▶ [Task goal] Without any pictures, print exactly the lines that run from the start of the data through the line containing "New 30 Colors".

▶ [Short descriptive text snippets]
++++++++
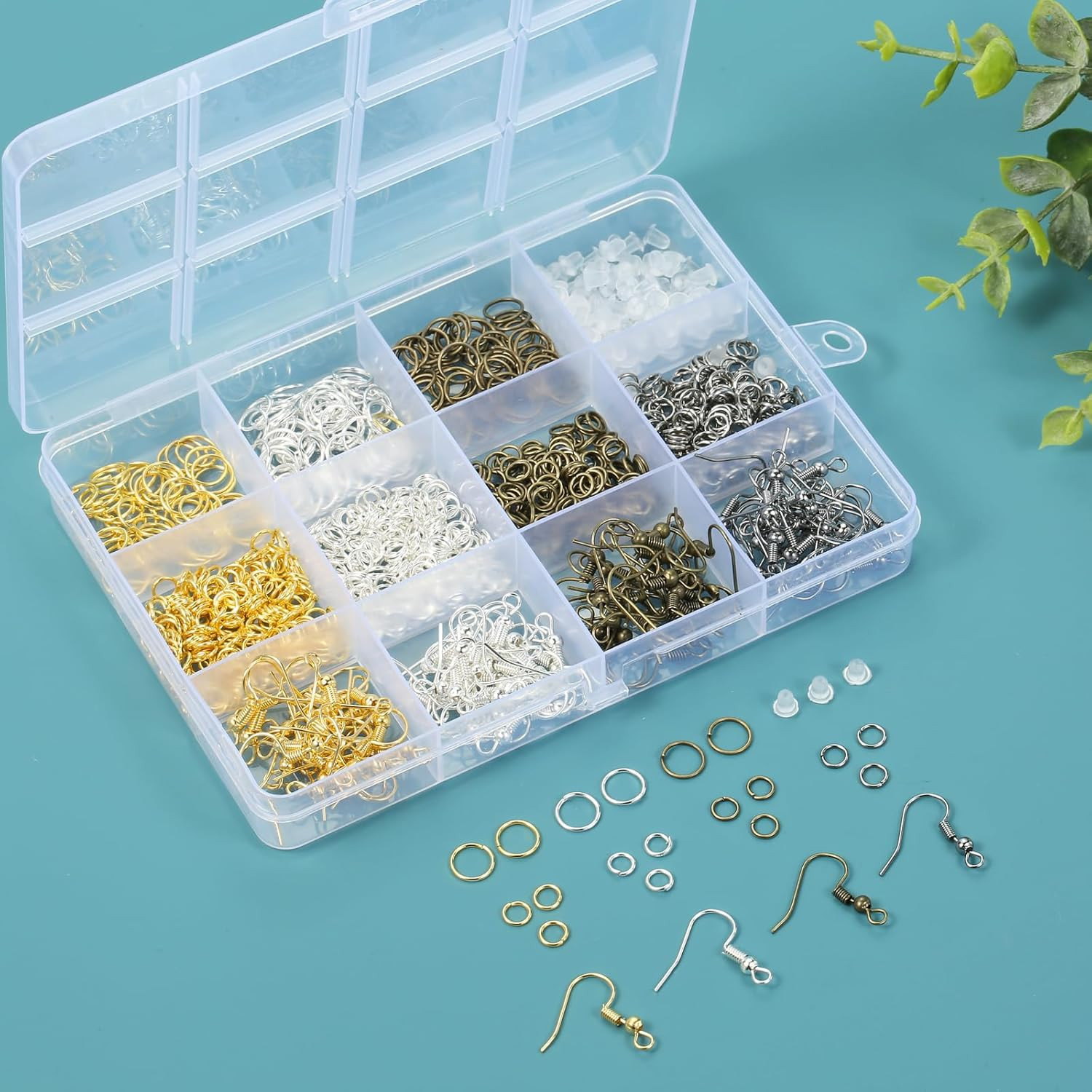 4 Colors Earring Hooks, 890 Pcs Earring Making Supplies Kit with Ear Wires Ho...
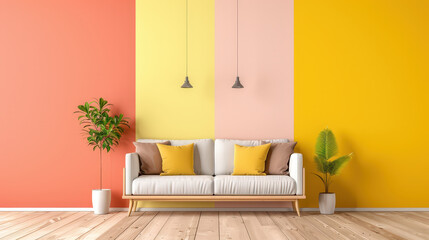 stylish sofa in vibrant room with pastel coral, yellow, and pink walls creates cheerful atmosphere. plants add touch of nature, enhancing cozy feel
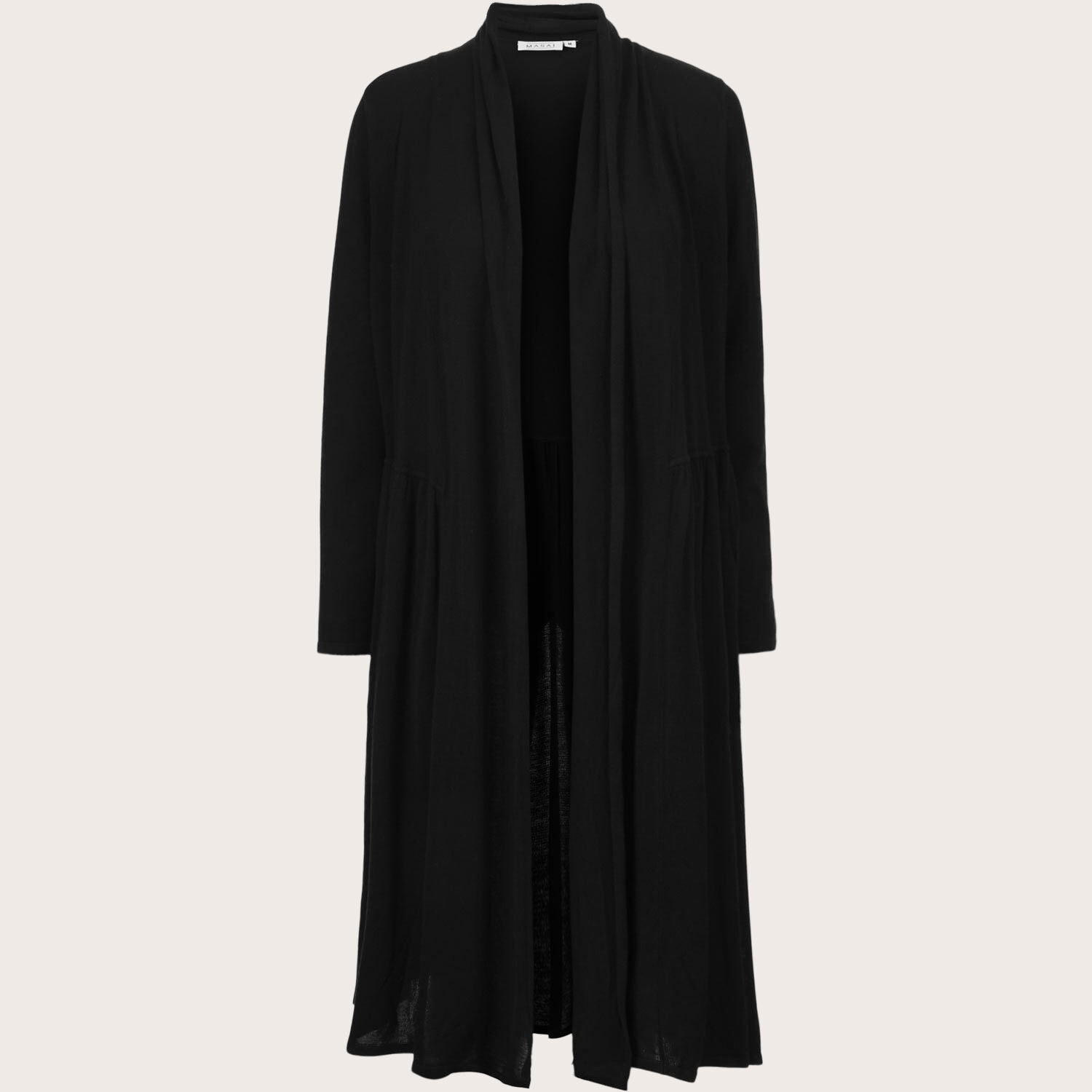 long cardigan avec plis au dos, Black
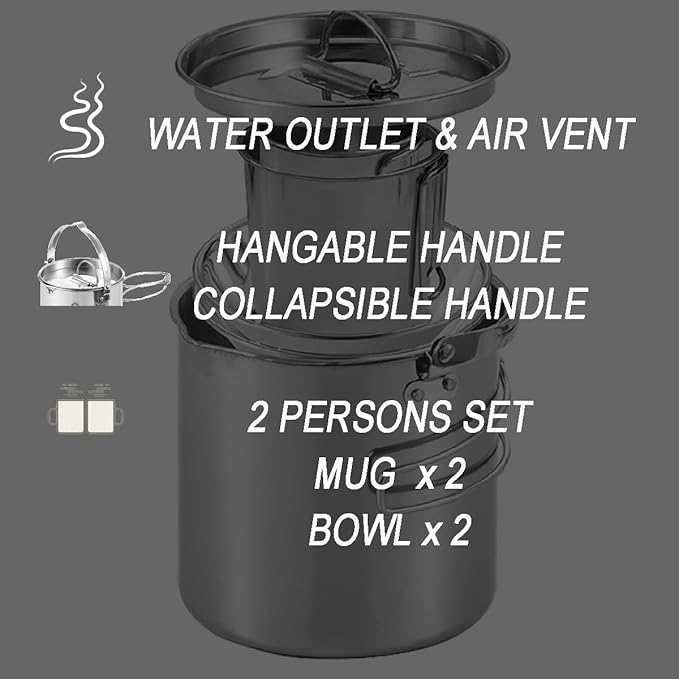 Camping Coffee Kettle and Mugs Set - Stainless Steel Pot with Collapsible Handle and Lid - Boiling Water with Open Fire for Hiking Backpacking Picnic Outdoor - 1.2 L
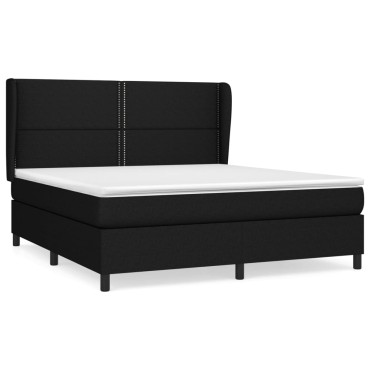 vidaXL Κρεβάτι Boxspring με Στρώμα Μαύρο 160x200 εκ. Υφασμάτινο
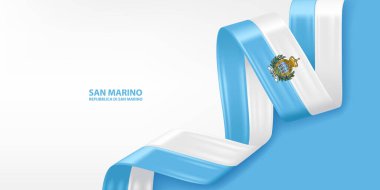 San Marino 3D kurdele bayrağı. San Marino bayrağının renginde 3D bayrak sallıyordu. Ulusal bayrak arkaplan tasarımı.
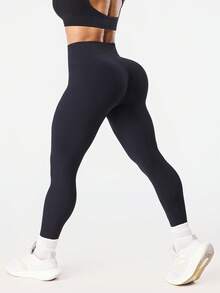 Seamluxe SHEIN Sport Quần legging thể thao nữ màu trơn, cạp cao, kiểu dáng thường ngày, đa năng. - màu đen - Xem 2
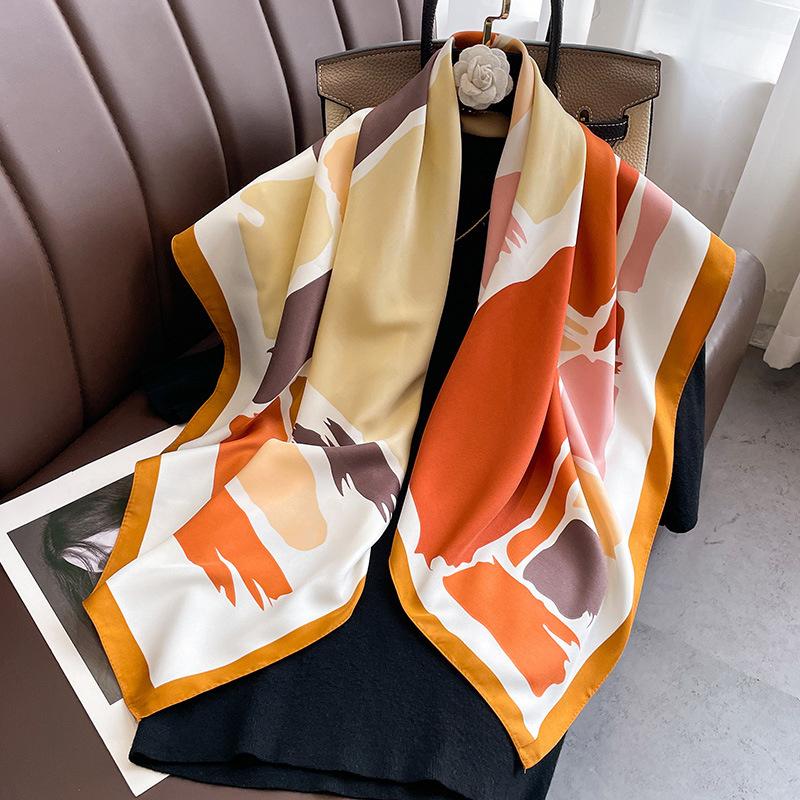 New 30 Colors Twill Silk Scarf Women 90cm Square Hijab Shawls And Wraps Female Foulard Headkerchief Elegant Floral Lady Bandana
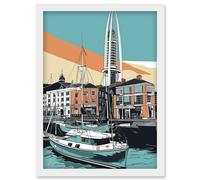 Portsmouth Historic Dockyard Modern Linocut Style Artwork Framed Wall Art Print A4 Artery8 White One Size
++++++++
▶ [Result of the exercise]
 4 Colors Earring Hooks, 890 Pcs Earring Making Supplies Kit with Ear Wires Ho...
 stylish sofa in vibrant room with pastel coral, yellow, and pink walls creates cheerful atmosphere. plants add touch of nature, enhancing cozy feel
 long cardigan avec plis au dos, Black
 Camping Coffee Kettle and Mugs Set - Stainless Steel Pot with Collapsible Handle and Lid - Boiling Water with Open Fire for Hiking Backpacking Picnic Outdoor - 1.2 L
 vidaXL Κρεβάτι Boxspring με Στρώμα Μαύρο 160x200 εκ. Υφασμάτινο
 San Marino 3D kurdele bayrağı. San Marino bayrağının renginde 3D bayrak sallıyordu. Ulusal bayrak arkaplan tasarımı.
 Seamluxe SHEIN Sport Quần legging thể thao nữ màu trơn, cạp cao, kiểu dáng thường ngày, đa năng. - màu đen - Xem 2
 New 30 Colors Twill Silk Scarf Women 90cm Square Hijab Shawls And Wraps Female Foulard Headkerchief Elegant Floral Lady Bandana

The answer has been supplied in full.